Re: [PATCH v3 04/14] commit-graph: implement write_commit_graph()

Junio C Hamano <gitster@xxxxxxxxx> · Thu, 08 Feb 2018 14:14:21 -0800

Derrick Stolee <stolee@xxxxxxxxx> writes:

> +char* get_commit_graph_filename_hash(const char *pack_dir,

Asterisk sticks to the identifier, not type, in our codebase.

> +				     struct object_id *hash)
> +{
> +	size_t len;
> +	struct strbuf path = STRBUF_INIT;
> +	strbuf_addstr(&path, pack_dir);
> +	strbuf_addstr(&path, "/graph-");
> +	strbuf_addstr(&path, oid_to_hex(hash));
> +	strbuf_addstr(&path, ".graph");

Use of strbuf_addf() would make it easier to read and maintain, no?

> +
> +	return strbuf_detach(&path, &len);
> +}
> +
> +static void write_graph_chunk_fanout(struct sha1file *f,
> +				     struct commit **commits,
> +				     int nr_commits)
> +{
> +	uint32_t i, count = 0;
> +	struct commit **list = commits;
> +	struct commit **last = commits + nr_commits;
> +
> +	/*
> +	 * Write the first-level table (the list is sorted,
> +	 * but we use a 256-entry lookup to be able to avoid
> +	 * having to do eight extra binary search iterations).
> +	 */
> +	for (i = 0; i < 256; i++) {
> +		while (list < last) {
> +			if ((*list)->object.oid.hash[0] != i)
> +				break;
> +			count++;
> +			list++;
> +		}

If count and list are always incremented in unison, perhaps you do
not need an extra variable "last".  If typeof(nr_commits) is wider
than typeof(count), this loop and the next write-be32 is screwed
anyway ;-)

This comment probably applies equally to some other uses of the same
"compute last pointer to compare with running pointer for
termination" pattern in this patch.

> +		sha1write_be32(f, count);
> +	}
> +}

> +static int if_packed_commit_add_to_list(const struct object_id *oid,

That is a strange name.  "collect packed commits", perhaps?

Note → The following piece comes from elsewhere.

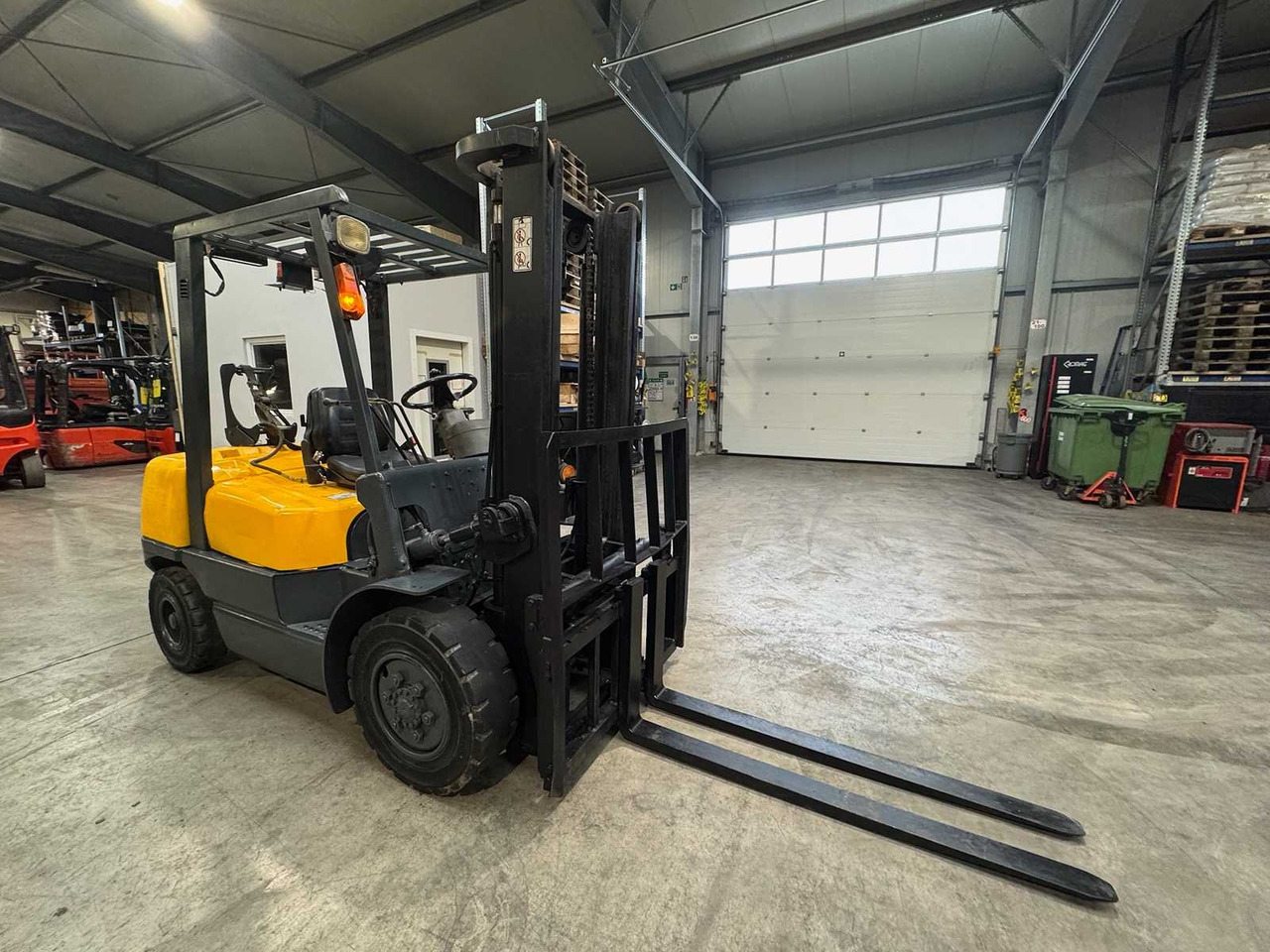 1992 SERVICE IN 415 HOURS TCM FG30N5 3,000KG GAS FORKLIFT FORKLIFT NISSAN ENGINE - Xe nâng: hình 5 1992 SERVICE IN 415 HOURS TCM FG30N5 3,000KG GAS FORKLIFT FORKLIFT NISSAN ENGINE - Xe nâng: hình 5
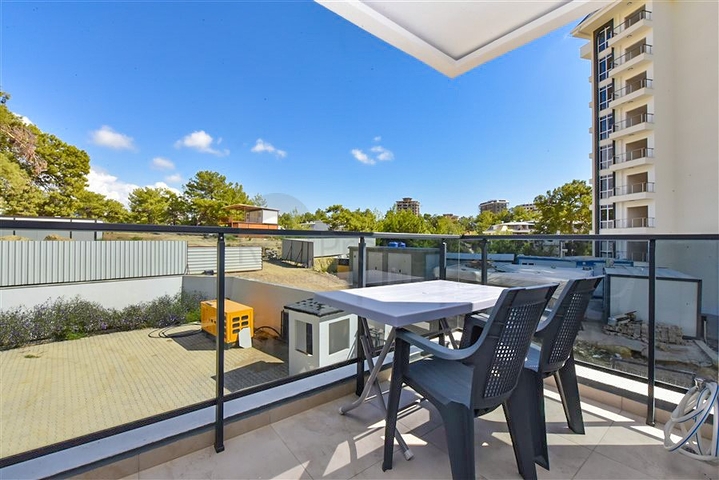 Furnished 1+1 apartment in a new complex in Avsallar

> +					struct packed_git *pack,
> +					uint32_t pos,
> +					void *data)
> +{
> +	struct packed_oid_list *list = (struct packed_oid_list*)data;
> +	enum object_type type;
> +	unsigned long size;
> +	void *inner_data;
> +	off_t offset = nth_packed_object_offset(pack, pos);
> +	inner_data = unpack_entry(pack, offset, &type, &size);
> +
> +	if (inner_data)
> +		free(inner_data);
> +
> +	if (type != OBJ_COMMIT)
> +		return 0;
> +
> +	ALLOC_GROW(list->list, list->nr + 1, list->alloc);

This probably will become inefficient in large repositories.  You
know you'll be walking all the pack files, and total number of
objects in a packfile can be read cheaply, so it may make sense to
make a rough guestimate of the number of commits (e.g. 15-25% of the
total number of objects) in the repository and allocate the list
upfront, instead of a hardcoded 1024.